Each line of the data must reappear exactly in your answer, with no images included.
***** Input material
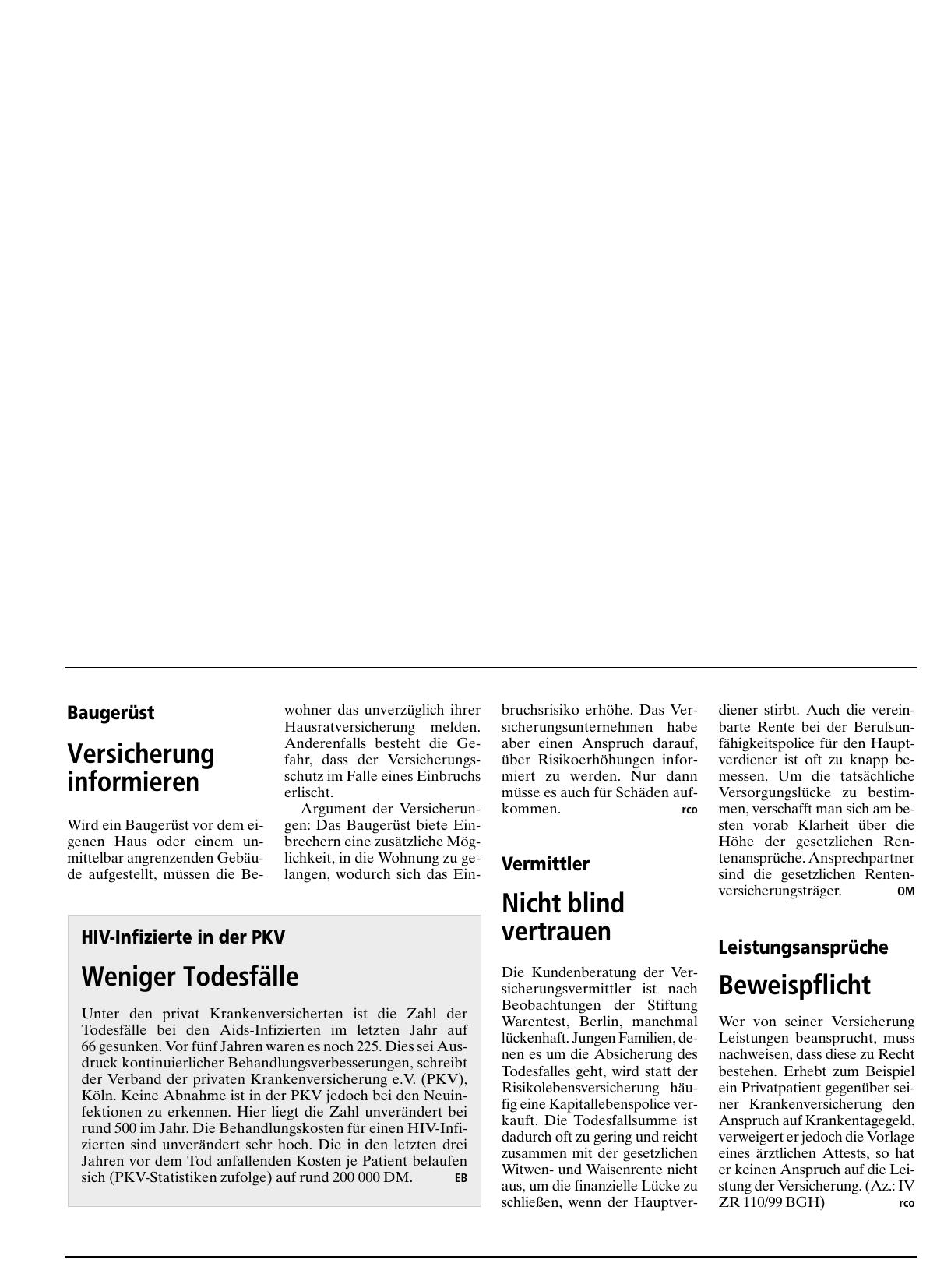 Vorschauseite 1: Leistungsansprüche: Beweispflicht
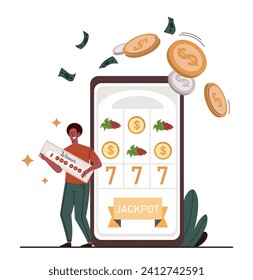 Lottery win concept. Man with slot machine. Gambling and games for luck. Young guy with fortune and prizes. Poster or banner. Cartoon flat vector illustration isolated on white background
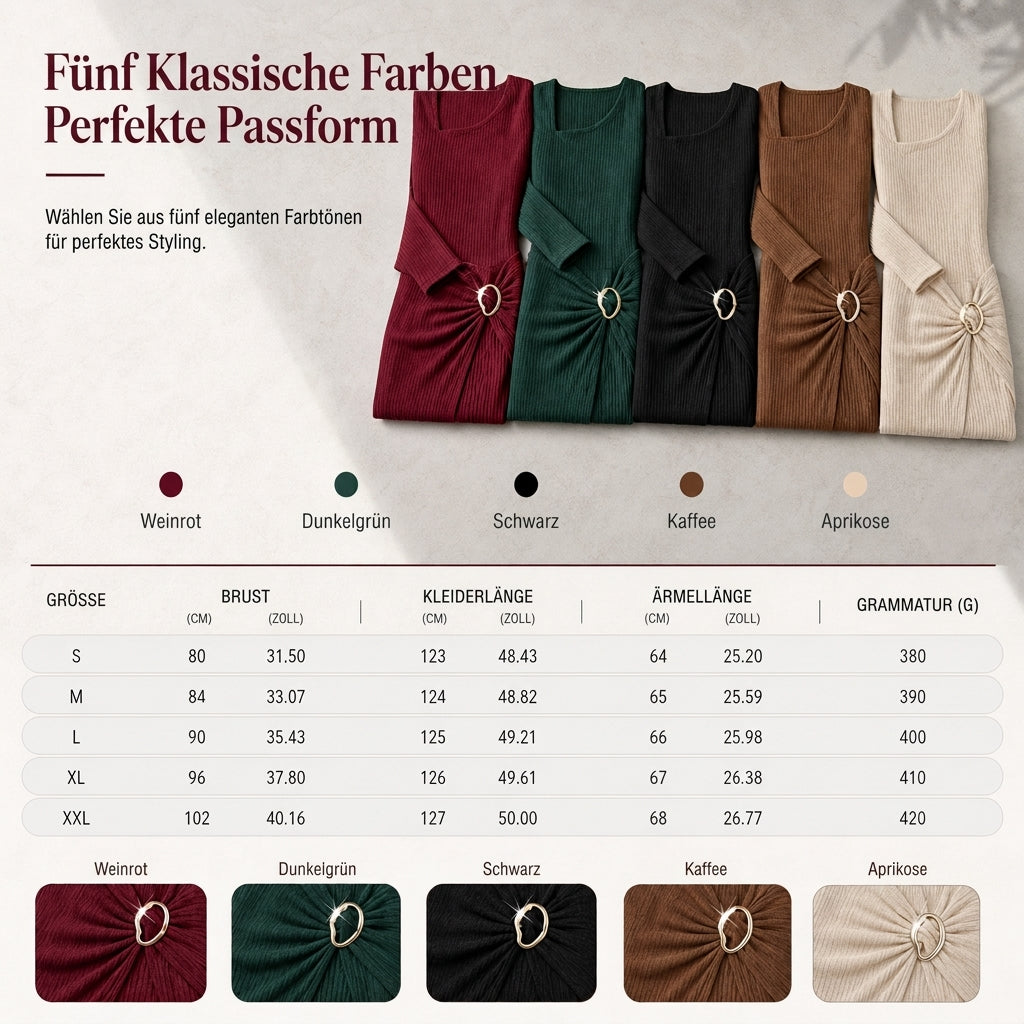 ⏰ Countdown läuft – 50% nur noch 3 Tage! Damen Herbst Winter Einfarbiges Stricktextur Langes Kleid mit Unregelmäßigem Ausschnitt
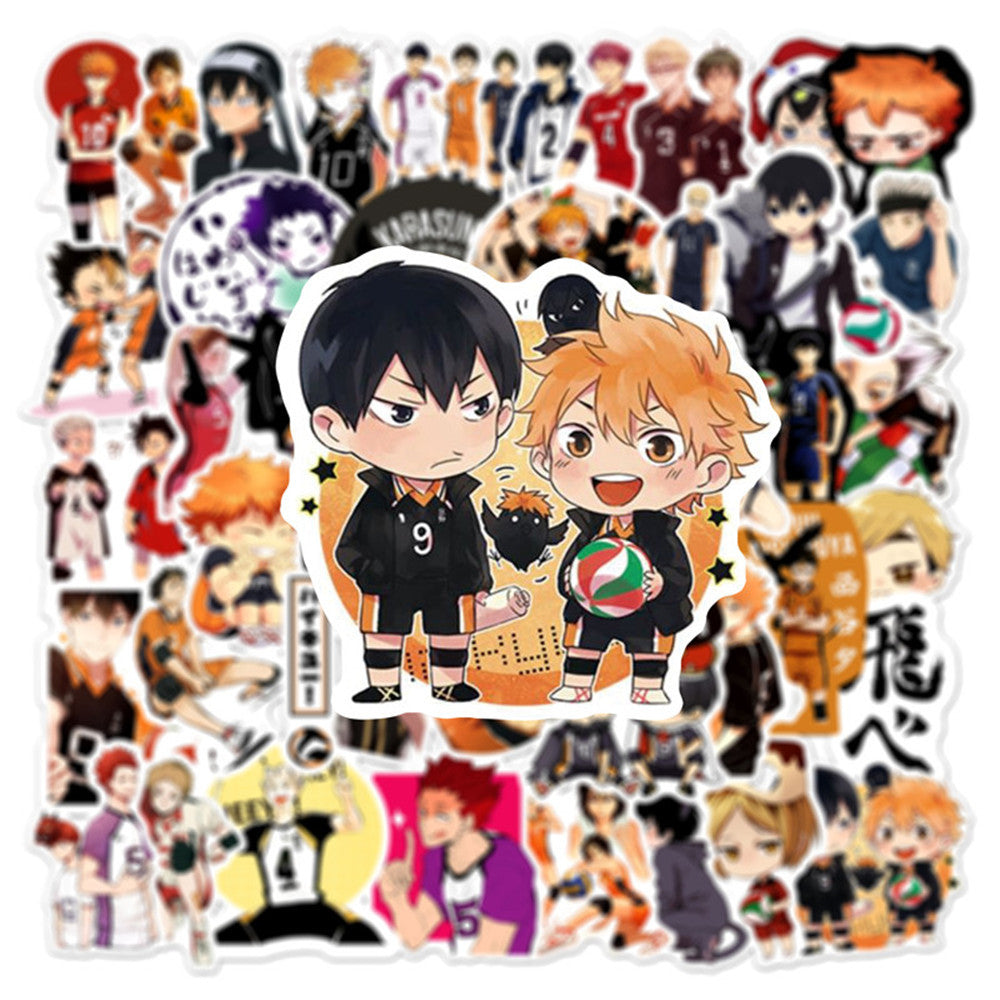 50PCS Haikyu!! Inspired Stickers, Volleyball Anime Doodles with Dynamic Action for Fans and Sporty Vibes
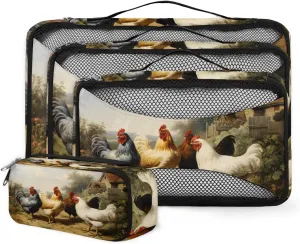 4 Set Packing Cubes for Suitcases, Travel Essentials for Carry on Luggage, Hen Suitcase Organizers for Clothes Shoes Toiletries Travel Accessories in 4 Sizes - Cock Rooster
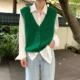 Knitted vest for women with V-neck and stylish buttons Lune London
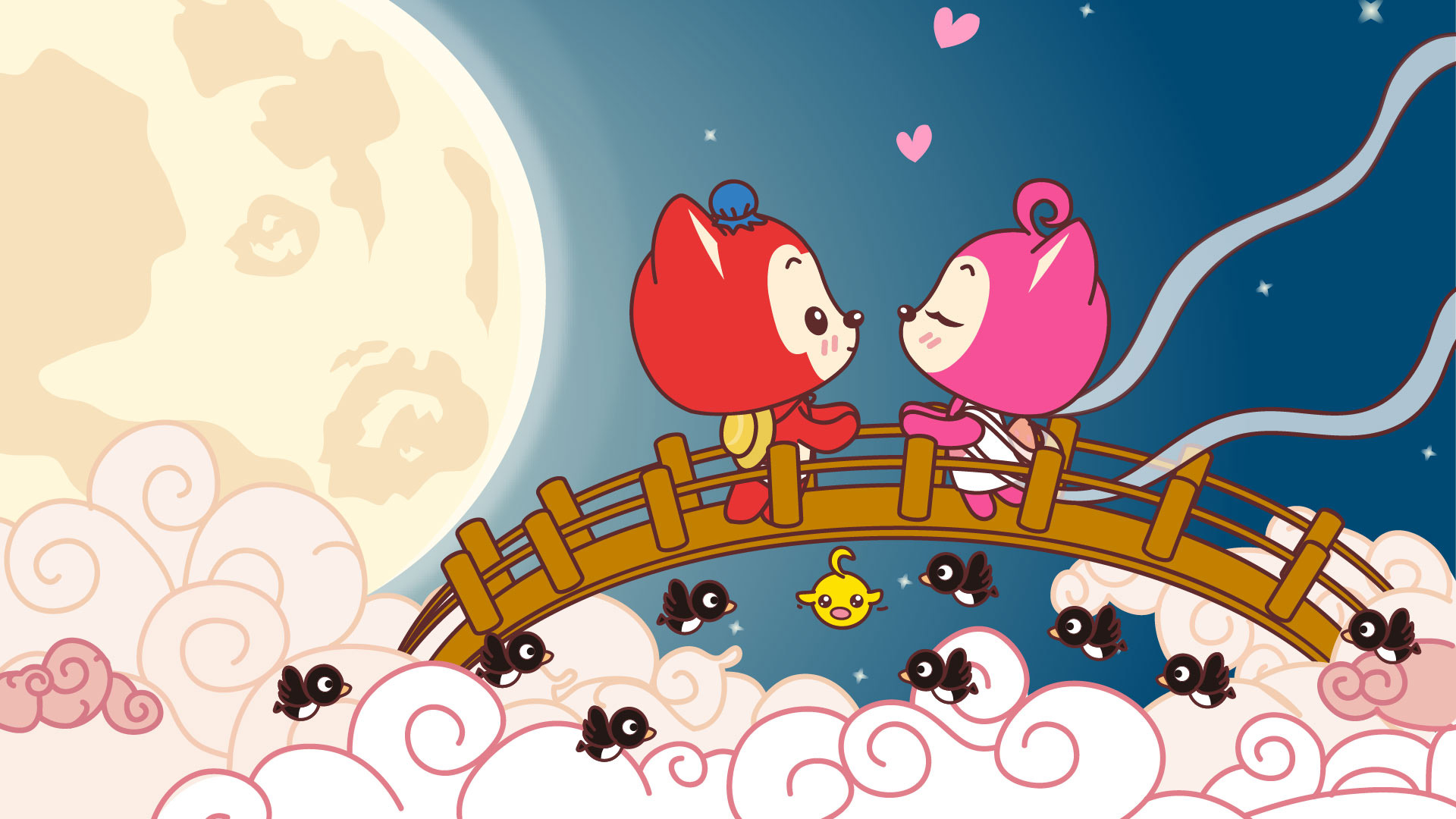 2014阿狸七夕节壁纸，免费电脑壁纸下载专区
**********
Solution to the problem →
 Vorschauseite 1: Leistungsansprüche: Beweispflicht
 Lottery win concept. Man with slot machine. Gambling and games for luck. Young guy with fortune and prizes. Poster or banner. Cartoon flat vector illustration isolated on white background
 ⏰ Countdown läuft – 50% nur noch 3 Tage! Damen Herbst Winter Einfarbiges Stricktextur Langes Kleid mit Unregelmäßigem Ausschnitt
 50PCS Haikyu!! Inspired Stickers, Volleyball Anime Doodles with Dynamic Action for Fans and Sporty Vibes
 4 Set Packing Cubes for Suitcases, Travel Essentials for Carry on Luggage, Hen Suitcase Organizers for Clothes Shoes Toiletries Travel Accessories in 4 Sizes - Cock Rooster
 Knitted vest for women with V-neck and stylish buttons Lune London
 2014阿狸七夕节壁纸，免费电脑壁纸下载专区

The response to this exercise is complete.